Gdańsk – St Nicholas Church and Dominican Monastery


    The construction of the first romanesque church of St. Nicholas began in the second half of the 12th century. It was erected at the intersection of two important trade routes: a merchant road and a route leading from the Gdańsk castle to the princely estates. It served both the local population and the merchants and sailors coming here from all over the world. In 1227, the Pomeranian prince Świętopełk handed the church over to the Dominicans who built a monastery near the church, and then from 1308, they began to build next to the old romanesque church, a new, visible to this day, gothic church.
    The construction of a new monastery was related with the destructions that the old buildings suffered during the Brandenburg-Teutonic battles for Gdańsk. The reconstruction was started in a new place, using the surviving fragments: the lower part of the church tower in the south-eastern part and the sacristy room. In the first phase, a four-span presbytery was erected, then a six-span, three-nave, west hall structure with buttresses pulled in. In 1487 the church was covered with a stellar vaults and the tower was raised by an octagonal part.
At the beginning of the 15th century in the so-called Herrenkapelle Chapel was buried members of the Gdańsk Teutonic Knights. In 1446, the overseer of the duties, Teutonic Knight Winrich von Manstede, founded the “wikariat” in the church. The chapel was celebrated daily for the Teutonic Knights, and four times a year the entire Dominican convent was to participate in the mass for the Teutonic Order. Around 1492 the merchant brotherhood of the so-called lubeczan took over the Herrenkapelle.

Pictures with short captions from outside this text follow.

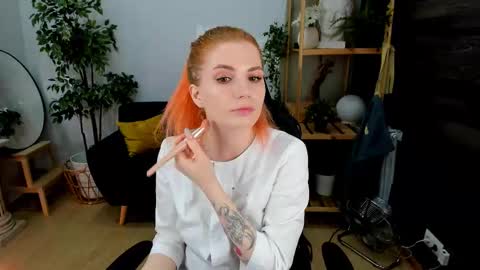 Snapshot of unicent chatting on February 2025 06:37:01 PM Call me Mira thumbs up its make me happy online show from February 2025 06:37:01 PM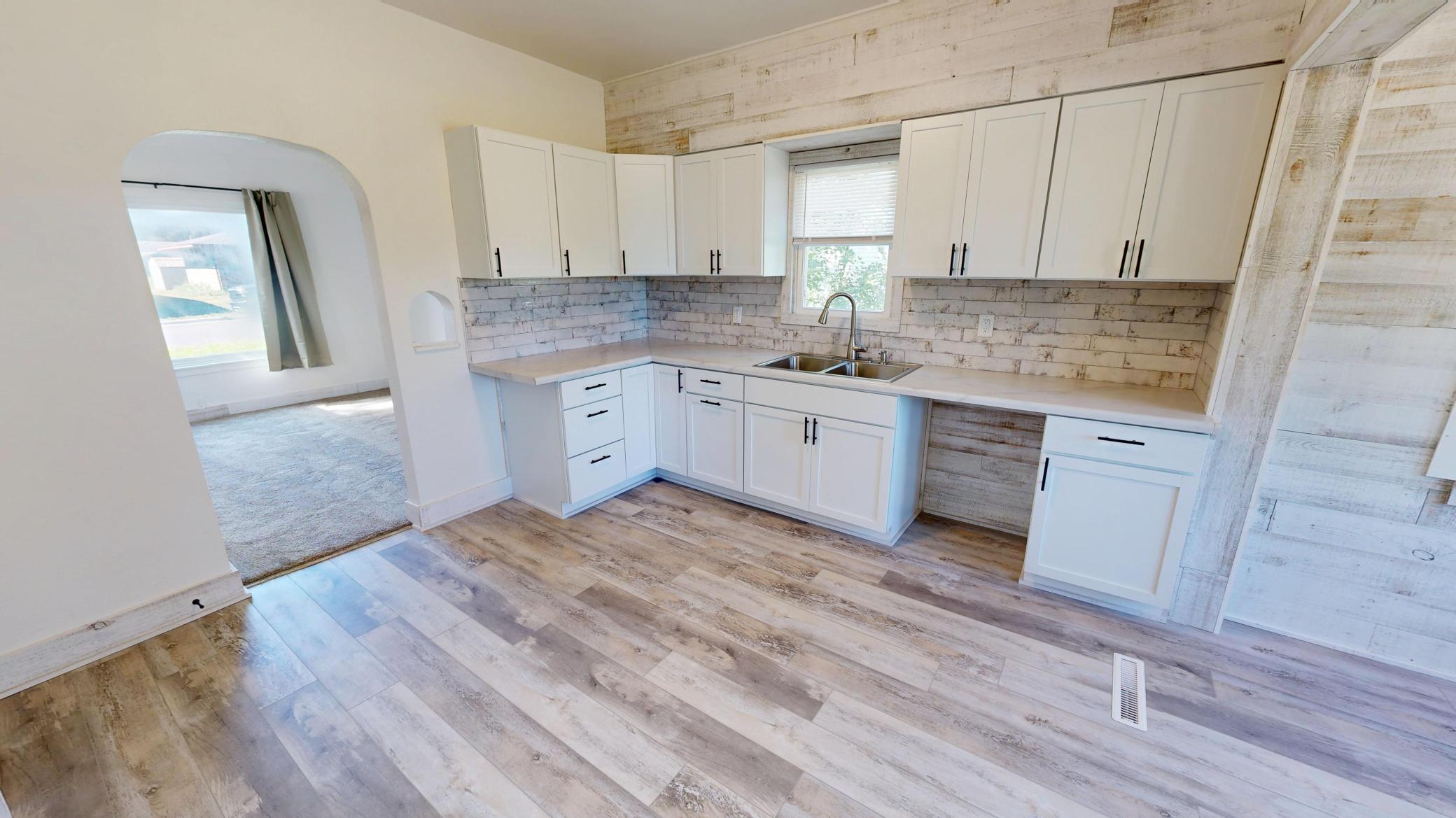 447 E Schlieman Avenue, Appleton, MN 56208 — photo 3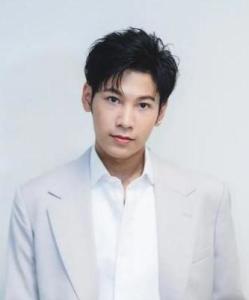 泰國(guó)男演員，銀幕與人生的勵(lì)志之旅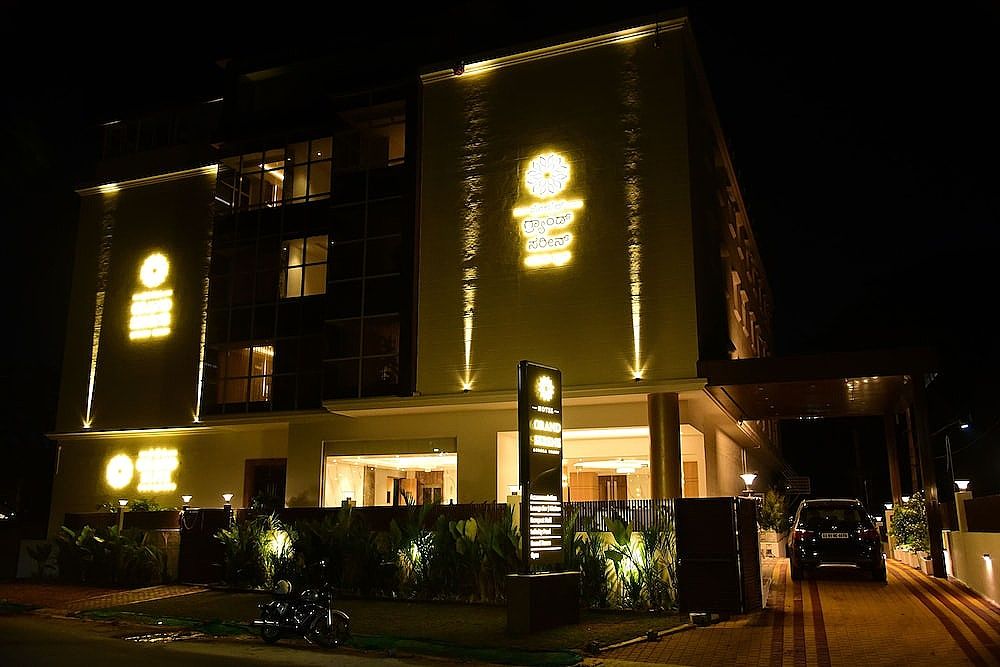 Front of property - evening/night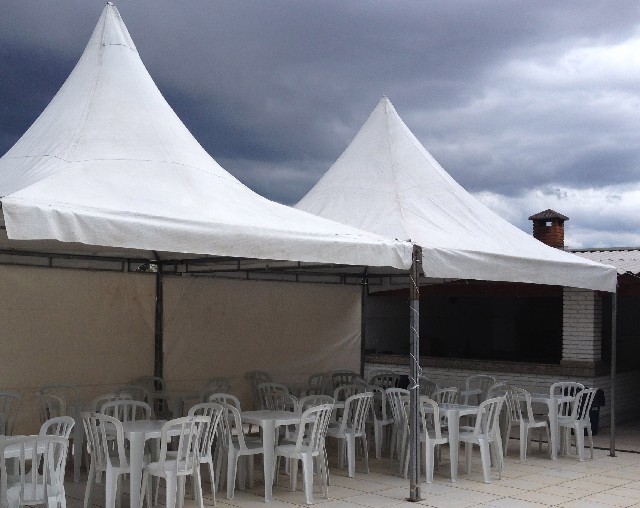 Foto 1 - Locação de tendas para festa zona norte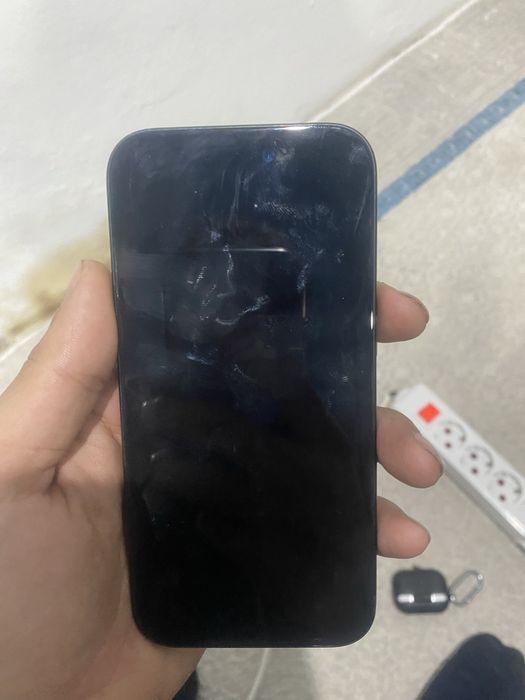 айфон 15 256 гб 78 АКБ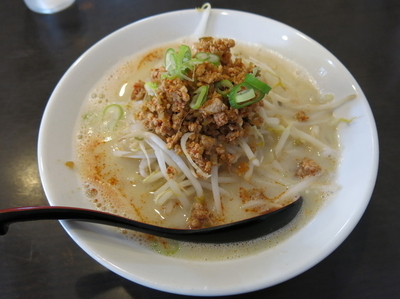 「白担々麺：800円」@ラーメン餃子専科 天下一 神谷町店の写真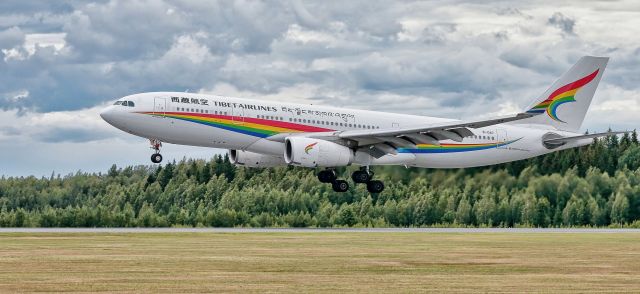 Airbus A330-200 (B-1047) - Tibet Airlines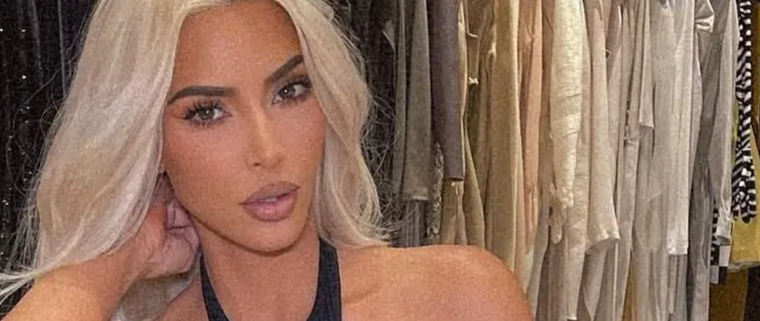 Kim Kardashian tiene un estilo osado y no duda en asumir riesgos. Foto: Instagram @kimkardashian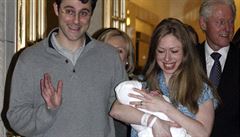 Chelsea Clintonová opoutí porodnici s dcerou Charlotte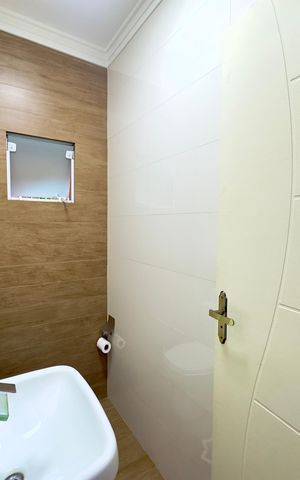 Casa à venda com 200m², 4 quartos e 2 vagas Casa à venda com 200m², 4 quartos e 2 vagasBanheiro 5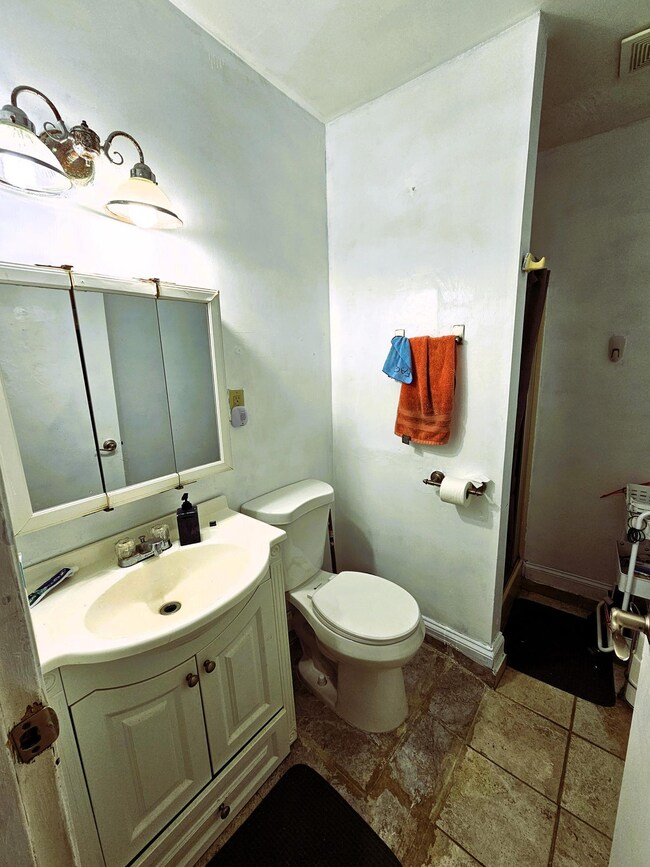 2355 Upton Ave N, Minneapolis, MN 55411 - photo 4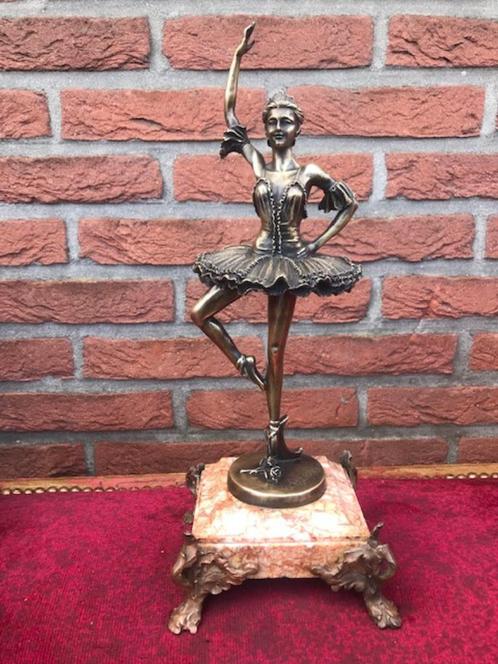 mooi bronzen beeld van een ballerina, Antiek en Kunst, Kunst | Beelden en Houtsnijwerken, Ophalen of Verzenden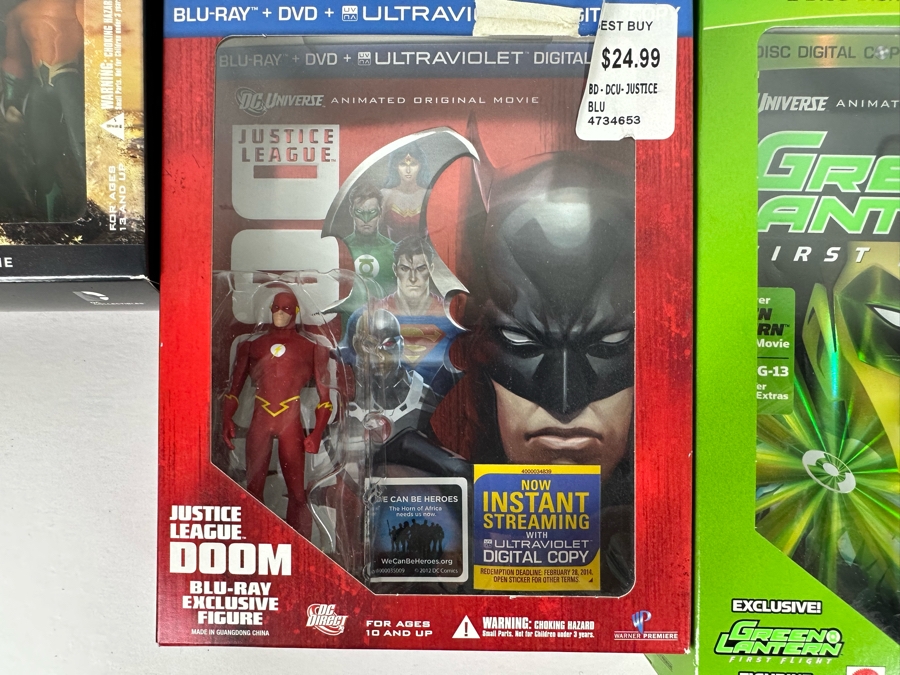 Blu-Ray DVD Combo Lot with Many Action Figures Including: Justice League, Green Lantern and Superman Movies [Photo 7]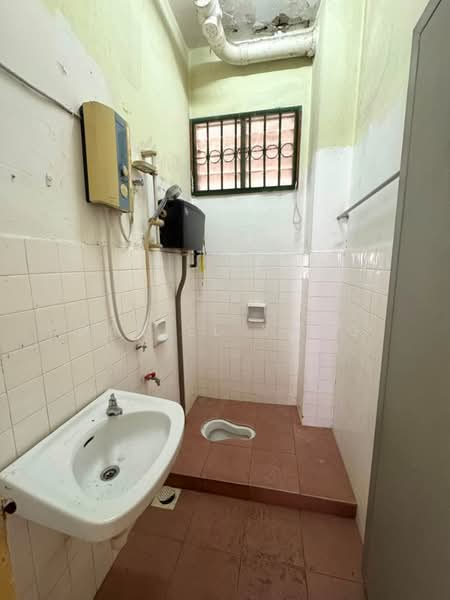 Rumah Teres 2-Tingkat untuk Dijual di Taman Molek (Johor Bahru) - Daniel Yong - Bathroom - PropertyGuru.com.my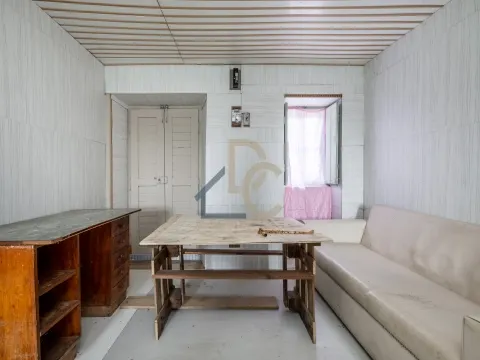 Moradia / Santa Eufémia / 10 minutos centro de Leiria / Investimento / Habitação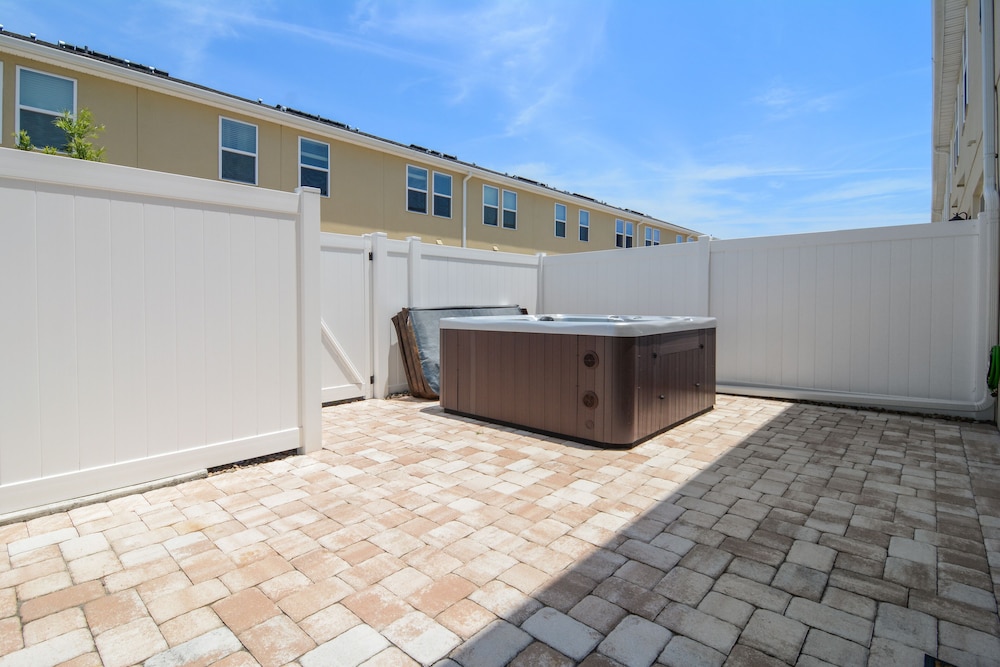 Stunning 4Bd Sleeps9 w Jacuzzi Close to Disney @ Compass Bay 5113 - photo 18
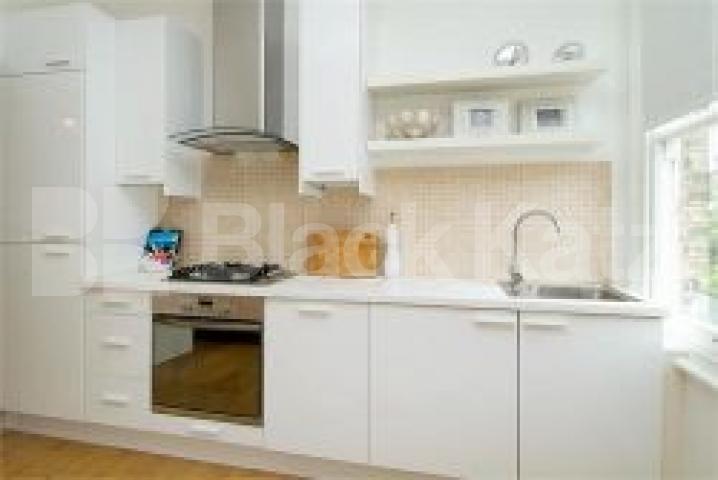 			2 Bedroom, 1 bath, 1 reception Flat			 Ingelow Road, Battersea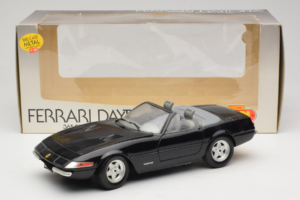 Ferrari 365 GTB/4 Daytona Cabriolet Schwarz Techno Giodi 1:18 40011-B1 Metall — Bild 8 von 8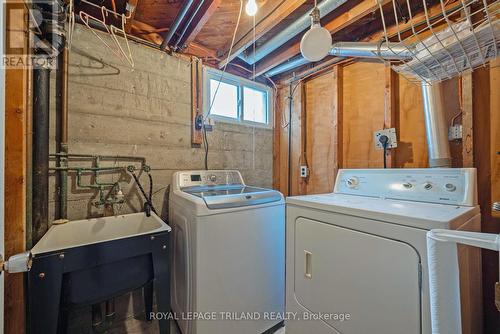 210 Clifford Street, London, ON - Indoor Photo Showing Laundry Room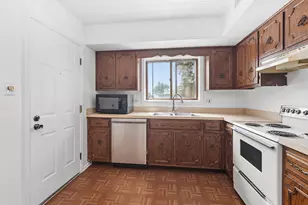 2815 Glenwood Lansing Rd, Lynwood, IL 60411 - Photo 13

In the sixteenth century, during the turbulent times of the Reformation, the church was destroyed several times and plundered during tumults. The monks were expelled from the monastery, and a few of them lost their lives. In 1578, they returned to the monastery and took over the care of Catholic population, in increasingly Protestant Gdańsk. From that moment, the magnificence of the church and monastery began again. More monks lived in its walls, intellectual life and preaching flourished, and received new and wonderful furnishings. The end of the monastery’s splendor brought the Partitions of Poland and then the Napoleonic wars. In 1813, as a result of the Russian shelling of the city, the monastery completely burned down. Twenty years later, the Dominicans were forced to leave the city, and the ruined monastery buildings were finally demolished.
The church of St. Nicholas survived by remaining a Catholic parish. Another happy rescue took place in 1945, when the church was the only one not destroyed in the city. It owed it to its patron, who was venerated by the orthodox Russians, or more likely bribing them with wine from the church’s cellar.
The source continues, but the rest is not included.